After a quick wee, some grub and a pint it was time to bow at the temple of The Hives. Having seen and loved them before I knew what to expect and they didn't disappoint. There was a sense though that their self appreciation style was wearing thin on the neutrals in the audience by the end. A group of Slipcock fans nearby to us were not buying it and were desperately longing for some chugga chugga! I'm glad I'm not a Sliprot fan!
Sum 41 won the prize for the band who most looked like their audience: skinny spotty spiky haired sixteen year olds. They were ok and rescued an otherwise formulaic set by getting a man in a Spiderman costume up on the stage to pay homage. The funniest part for its irony was the moment when they announced "This one goes out to all those people who want to give their parents a fat lip", greeted by a big cheer from said people. This despite the fact that the majority of them were only there because the fat lip due parents had coughed up the ticket money.
Ash will suffer for the rest of their careers with the fact that they have an excellent back catalogue. You get the feeling that in 10 years time they'll still have to play Girl from Mars, Kung Fu and Angel Interceptor, but you also get the impression that in 10 years they will still sound as good as they did this afternoon. Entertaining and rocking, Ash get the evening off on the right level.

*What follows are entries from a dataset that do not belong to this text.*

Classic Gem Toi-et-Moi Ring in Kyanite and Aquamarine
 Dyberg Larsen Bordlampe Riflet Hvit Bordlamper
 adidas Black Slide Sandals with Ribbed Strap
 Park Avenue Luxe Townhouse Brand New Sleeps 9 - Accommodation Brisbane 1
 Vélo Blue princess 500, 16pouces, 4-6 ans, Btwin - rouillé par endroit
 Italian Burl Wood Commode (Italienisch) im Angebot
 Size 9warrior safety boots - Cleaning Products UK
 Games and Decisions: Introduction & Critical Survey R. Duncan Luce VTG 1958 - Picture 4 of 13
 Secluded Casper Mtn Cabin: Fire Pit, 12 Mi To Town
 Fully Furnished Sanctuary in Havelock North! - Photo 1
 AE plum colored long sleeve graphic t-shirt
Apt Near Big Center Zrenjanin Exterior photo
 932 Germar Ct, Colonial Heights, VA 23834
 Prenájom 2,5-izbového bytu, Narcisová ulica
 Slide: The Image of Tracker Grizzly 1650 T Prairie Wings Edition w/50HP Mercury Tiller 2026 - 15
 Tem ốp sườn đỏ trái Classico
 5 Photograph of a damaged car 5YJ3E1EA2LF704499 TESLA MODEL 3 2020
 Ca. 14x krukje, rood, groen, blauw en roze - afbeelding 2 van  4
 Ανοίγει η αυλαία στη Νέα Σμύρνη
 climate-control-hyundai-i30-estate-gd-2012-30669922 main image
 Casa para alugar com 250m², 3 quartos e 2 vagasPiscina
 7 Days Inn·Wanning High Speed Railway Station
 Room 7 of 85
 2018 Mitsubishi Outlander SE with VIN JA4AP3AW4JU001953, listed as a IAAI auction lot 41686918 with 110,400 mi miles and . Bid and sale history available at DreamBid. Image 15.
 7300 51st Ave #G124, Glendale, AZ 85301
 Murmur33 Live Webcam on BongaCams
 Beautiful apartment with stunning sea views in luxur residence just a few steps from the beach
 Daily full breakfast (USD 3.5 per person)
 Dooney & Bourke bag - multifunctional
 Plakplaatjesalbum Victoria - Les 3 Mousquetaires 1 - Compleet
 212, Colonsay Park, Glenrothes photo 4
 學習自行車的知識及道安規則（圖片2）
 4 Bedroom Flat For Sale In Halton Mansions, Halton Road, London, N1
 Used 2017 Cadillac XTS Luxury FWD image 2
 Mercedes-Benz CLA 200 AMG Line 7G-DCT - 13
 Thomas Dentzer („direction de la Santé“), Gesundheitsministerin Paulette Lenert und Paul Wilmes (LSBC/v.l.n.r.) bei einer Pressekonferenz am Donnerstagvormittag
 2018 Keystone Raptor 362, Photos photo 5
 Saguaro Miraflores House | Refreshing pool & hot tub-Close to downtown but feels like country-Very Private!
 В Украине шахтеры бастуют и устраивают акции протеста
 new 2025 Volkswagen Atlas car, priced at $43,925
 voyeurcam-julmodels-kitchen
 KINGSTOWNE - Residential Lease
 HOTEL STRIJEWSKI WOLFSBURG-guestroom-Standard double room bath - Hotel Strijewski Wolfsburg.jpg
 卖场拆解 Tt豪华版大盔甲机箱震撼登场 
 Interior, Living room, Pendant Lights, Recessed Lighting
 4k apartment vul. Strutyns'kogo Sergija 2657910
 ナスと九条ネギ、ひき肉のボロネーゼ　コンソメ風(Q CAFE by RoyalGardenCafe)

Not really that bothered for the prog power rock of Muse, we wandered into the Carling tent for a pleasant surprise from The (International) Noise Conspiracy. All sporting matching sleeveless t-shirts and tight bright red jeans "They've got to be Scandinavian" says my mate and low and behold they're Swedish! Back flips and leaping off amps galore they rocked a packed tent with what can only be described as big fun glam punk funk tunes. Excellent!
Main stage headliners the Foo Fighters have turned into a stadium rock act! It's scary when the drummer from one of the most influential bands of recent times shows that he has been to the Bon Jovi school of crowd control with extended clap along parts to all but a few songs. Despite this fact the Foo's rock the crowd with all the usual suspects ala 'Monkey Wrench' and 'This is a call' and try as I might I can't help but get wrapped up in the rock fever of it all.
The days winners: Hard to choose between Andrew WK, The Hives and Less Than Jake
The days dogs dinners: A
Best thing I had to eat: Chicken Tikka Masala from the Pataks bus
Star I spotted trying to be spotted: None unfortunately, but I did spot a few Leeds bands trying to be spotted!